_PROBLEM TO WORK ON:_ Output a faithful copy of the entries, every picture removed.

_EXCERPTED RECORDS:_
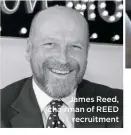 ??  ?? James Reed, chairman of REED
recruitmen­t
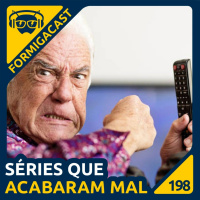 Séries que acabaram MAL | FormigaCast 198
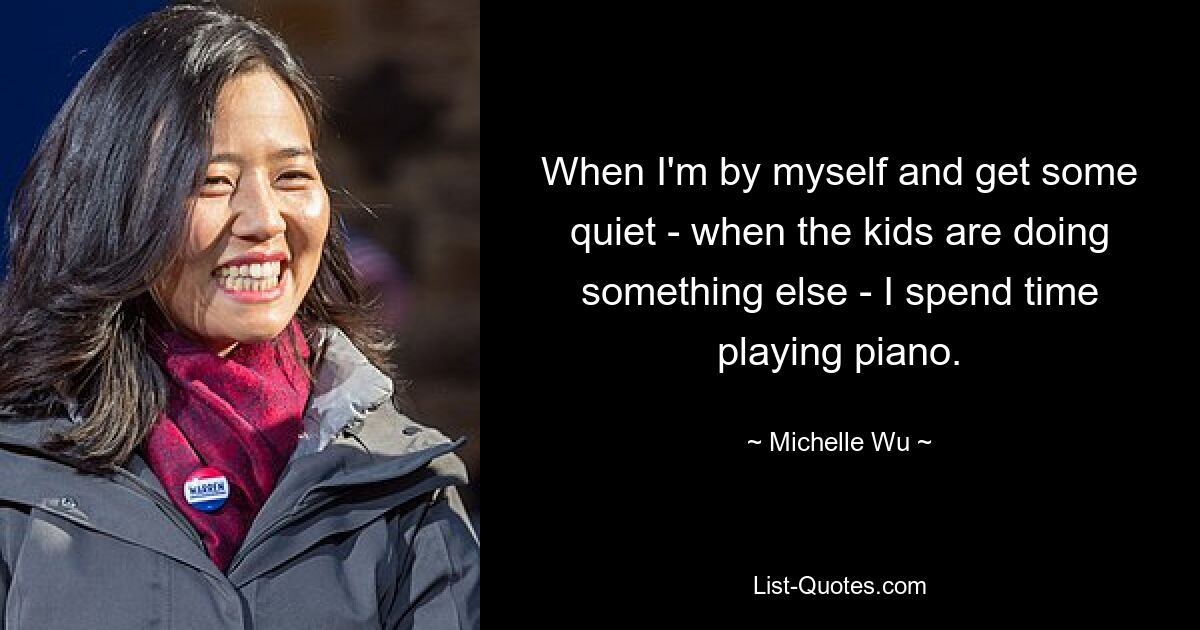 When I'm by myself and get some quiet - when the kids are doing something else - I spend time playing piano. — © Michelle Wu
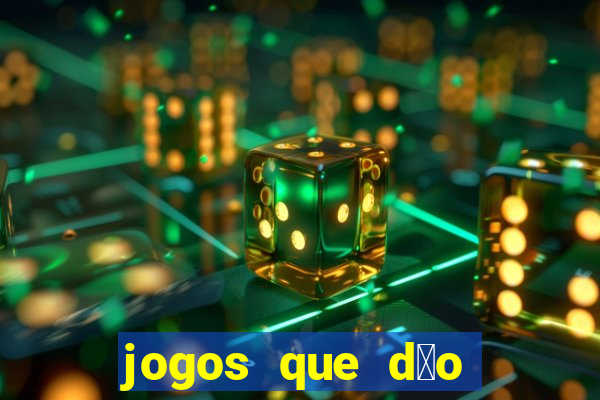 jogos que d茫o dinheiro ao se cadastrar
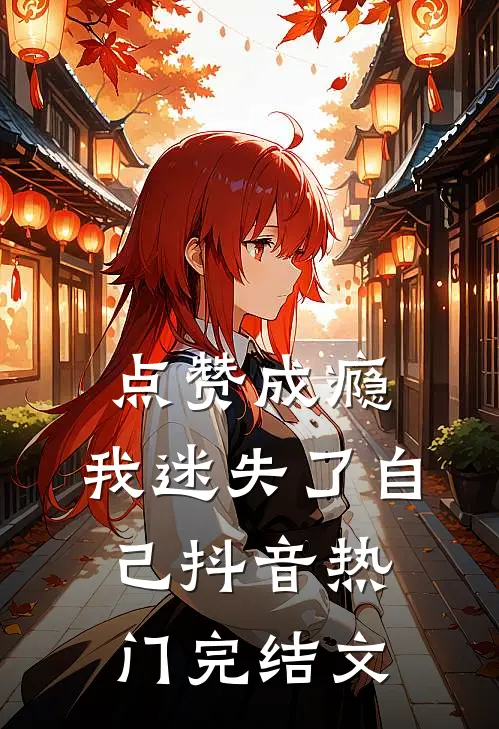 点赞成瘾，我迷失了自己抖音热门完结文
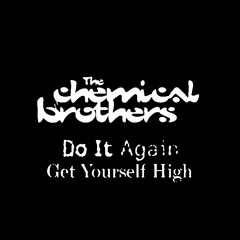 The Chemical Brothers - Do It Again (Live Edit)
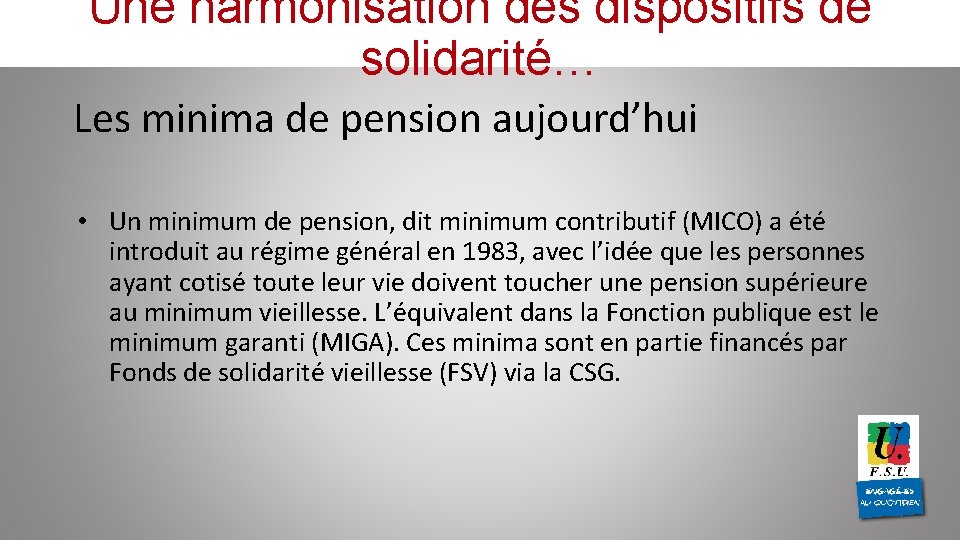 Une harmonisation des dispositifs de solidarité… Les minima de pension aujourd’hui • Un minimum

_REPLY:_
 ??  ?? James Reed, chairman of REED
recruitmen­t
 Séries que acabaram MAL | FormigaCast 198
 When I'm by myself and get some quiet - when the kids are doing something else - I spend time playing piano. — © Michelle Wu
 jogos que d茫o dinheiro ao se cadastrar
 点赞成瘾，我迷失了自己抖音热门完结文
 The Chemical Brothers - Do It Again (Live Edit)
 Une harmonisation des dispositifs de solidarité… Les minima de pension aujourd’hui • Un minimum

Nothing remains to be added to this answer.